Stepped-up production of fragments of acetylcholine receptors, the microscopic "landing pads" on muscle fibers that normally help process signals from the nervous system, may provoke the immune system and worsen myasthenia gravis (MG), new research shows.
In mice with an MG-like disease, these receptor fragments (which are proteins) are abundant but nonfunctional, and they end up in the wrong place in muscle fibers.
Matthew Meriggioli, who has MDA support to study new ways to regulate the immune system in MG, coordinated the study team (this study was conducted before his MDA grant took effect).

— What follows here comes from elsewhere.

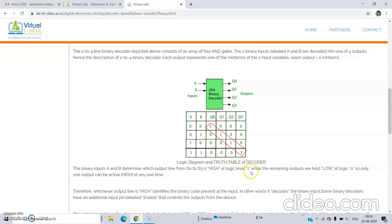The truth table shows: when A and B are 0, 0 we get only Q0 output; when it is 0, 1 we get only Q1 output; when it is 1, 0 we get Q2 output; and when 1, 1 we get Q3 output. This is the same as a demultiplexer — that is why this decoder is also known as a demultiplexer. In a demultiplexer we use select lines, and for each combination of select lines we get each output. Similarly, for each combination of input lines in this decoder we get one output.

In most cases of MG, which is part of a large class of diseases known as "autoimmune," or "self-immune," disorders, the immune system mistakenly attacks the acetylcholine receptors (AChRs), destroying them faster than the body can replace them.
The result is that the nervous-system chemical acetylcholine, which normally lands on these receptors as the first step in transmitting nerve signals, often fails to do so. Signal failure causes fluctuating weakness in patients.
Current treatments for MG include suppression of the immune system, direct removal of immune-system proteins called antibodies, and enhancing the transmission of acetylcholine signaling with a medication that slows acetylcholine breakdown. These treatments can usually control the disease, but they often have unwanted side effects and don't always work as well as desired.
About the new findings
Investigators at the University of Illinois-Chicago have found that, in mice with a disease closely mimicking human autoimmune MG, nonfunctional, mislocated pieces of AChR produced in an effort to compensate for AChR loss, appear to stir up the immune system and may sustain the disease process. The results are published in the August 2009 issue of Muscle & Nerve.
MG occurs when the immune system destroys acetylcholine receptors (AChRs) on muscle cells (fibers), using antibodies as weapons. Treatments include immune-system suppression; siphoning off antibodies; and blocking the enzyme acetylcholinesterase (AChE), which normally breaks down acetylcholine (ACh) after it moves from nerve to muscle fibers.
New research suggests abnormally placed fragments of AChRs could be the result of the body's attempt to compensate for the loss of AChRs but could actually make the disease worse.
Previous studies in human MG patients have noted the presence of similar nonfunctional protein pieces of AChR, although their role in the maintenance of the disease has been unclear.
The investigators cite evidence from other autoimmune diseases that shows changes in the structure, location or level of a protein can alter the way the immune system responds to it.
In the MG mice, the new AChR pieces were not integrated into receptors (as they normally would be) and may therefore have appeared “misshapen” to the immune system. They were not able to provide landing pads for acetylcholine.
In addition, they were in some instances located extensively along the muscle-fiber membrane, not just at the correct place, which is where nerve and muscle fibers communicate, the so-called neuromuscular junction. That could be another red flag for the immune system.
MG mice with the most severe disease had the highest muscle-tissue levels of these AChR pieces. In the severely affected mice, proteins of the immune system were seen in similar locations as the receptor pieces, suggesting the pieces had become immunologic targets.
Reducing production of AChR pieces could become therapeutic option
Preventing or reducing production of the new AChR pieces, if their role in the disease process is confirmed in humans, could become a new goal for therapeutic development in MG.
In a study published last year, Meriggioli and colleagues describe a new approach for regulating the immune system in MG mice, using a compound called granulocyte-macrophage colony-stimulating factor (GM-CSF). This compound activated regulatory cells in the immune system, dampening the autoimmune response and lessening disease severity in the mice.
Meriggioli's current, MDA-supported work aims to move this strategy closer to application to human MG. "Essentially, our work will try to harness the immune system’s own regulatory network to bring MG under control, and possibly bring about long-term remissions,” Meriggioli said.
Meaning for patients
The new findings about the role of abnormal AChR pieces in mice with an MG-like disease have not been confirmed in human MG patients. If that occurs, treatment strategies that prevent the overproduction of AChR subunits could be investigated.
Homing in on abnormal immune responses to AChRs and AChR fragments, while leaving the rest of the immune system alone, by using GM-CSF or similar compounds, could allow more "bang for the buck"— more benefit with lower doses and fewer side effects than in current MG therapies.